January 1, 1955. My father is watching the Rose Bowl on television. It’s freezing in Chicago that day, but bright and glorious in Pasadena where Ohio State trounces USC. Everyone looks happy, healthy. “Wouldn’t it be nice to raise these boys in California, where the sun shines all year long?” my dad asks my mother.
My dad Marv is a do-er, not a dreamer, and over the next three months he unloads his business, the Birchwood Garage, and sells the three-flat building where we live. Five Guthmanns squeeze into a station wagon — Davey is 9 months old — and arrive in California on April 19, Dad’s birthday. We don’t know a soul in California and Dad doesn’t have a job. He places a classified ad in the newspaper (“Seeking business opportunity in the automotive field, can pay cash money”), receives a stack of offers and buys a Western Auto franchise in West Covina, 20 miles east of Los Angeles.
He finds us a three-bed, one-bath house at 916 Herald St. and pays $16,000. Our modest cul-de-sac has walnut trees and parched lawns, and we’re surrounded by Baby Boom starter families with every reason to expect bright futures for their children. These are middle-class dads who fought in World War II, with names like Art and Joe and Ed and Maury. Moms wearing pedal pushers and Dinah Shore smiles, with names like Helen and Betty and Florence and Dixie. I go to Kindergarten at Sunset School, my older brother Danny to Coronado School with a teacher named Mrs. Crabtree, the same name as the schoolteacher in The Little Rascals.
Winters are clear and gorgeous in West Covina, and on crisp January days you see a crown of snow on Mt. Baldy. At Christmas, snowmen appear on front lawns, crafted from tumbleweed that blows into town during the sultry Santa Ana winds of early autumn. Neighbors stack the tumbleweed three high, the smallest representing the head, then give it a face and a hat and render it white with sticky spray flocking.

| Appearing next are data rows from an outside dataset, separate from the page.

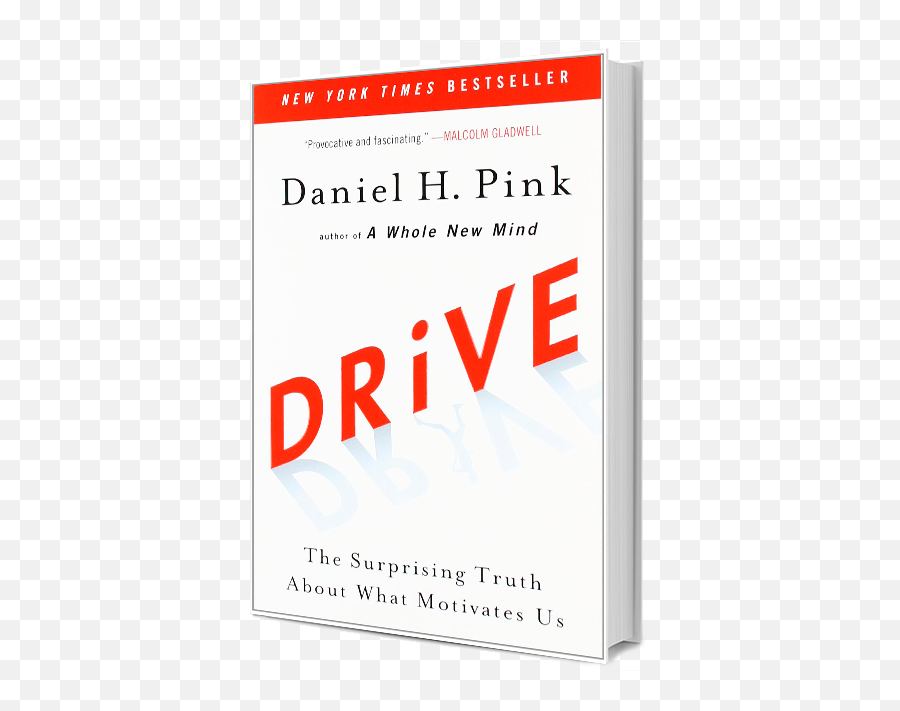 Daniel Pink Author At Next Big Idea Club Next Big Idea Club - Vertical Emoji,Emotions Gladwell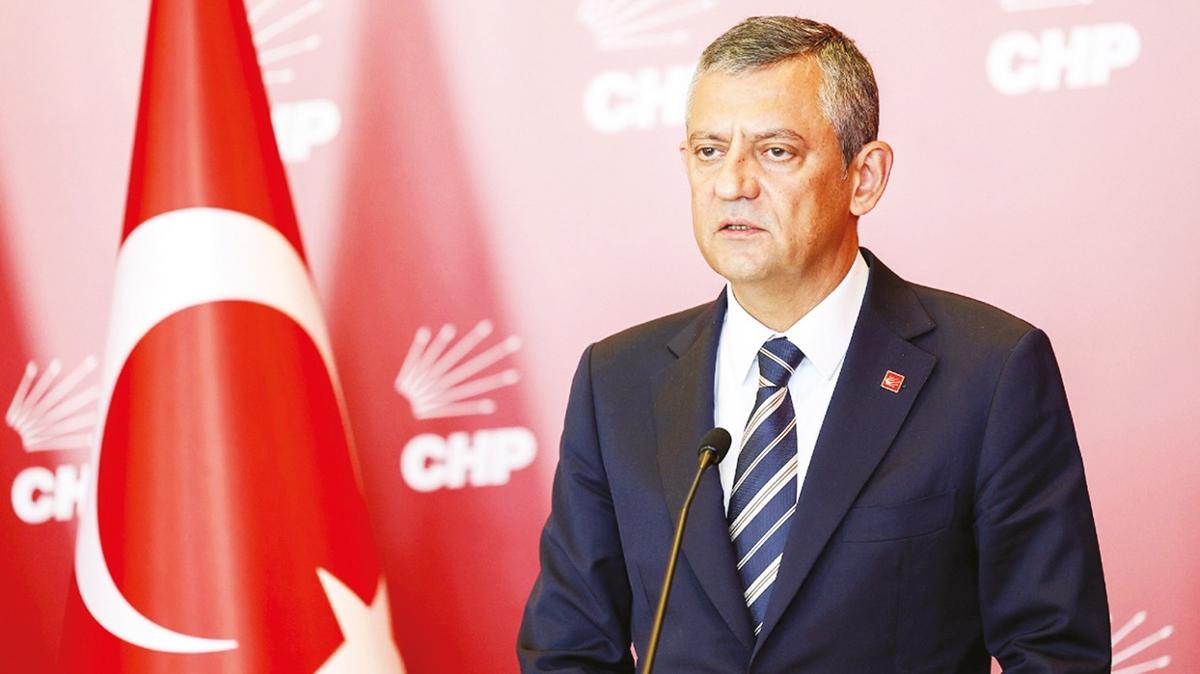 chp kongre olaanst kurultay karar zgr zel kemal kldarolu fotoraflar resimleri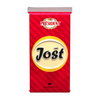 Président Jošt cheese | Jošt sir 370g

Summers are hot and dry, with sunshine so bright the colors bleach and flatten like an overexposed photograph. Butterflies, caterpillars and grasshoppers are abundant. Ladybugs, pill bugs, the occasional skunk or opossum. One day Dad kills a gopher by flushing it out with a garden hose and cleaving its neck with a swift, violent plunge of a shovel.
Few linger outside in the midday summer heat, but after dinner the Herald Street kids gather on the street and grown-ups fan out to gossip and referee. Screen doors slam, a manual lawn mower calls out kdop-kdop-kdop and baseball games linger until the coppery twilight darkens and the ball can’t be seen.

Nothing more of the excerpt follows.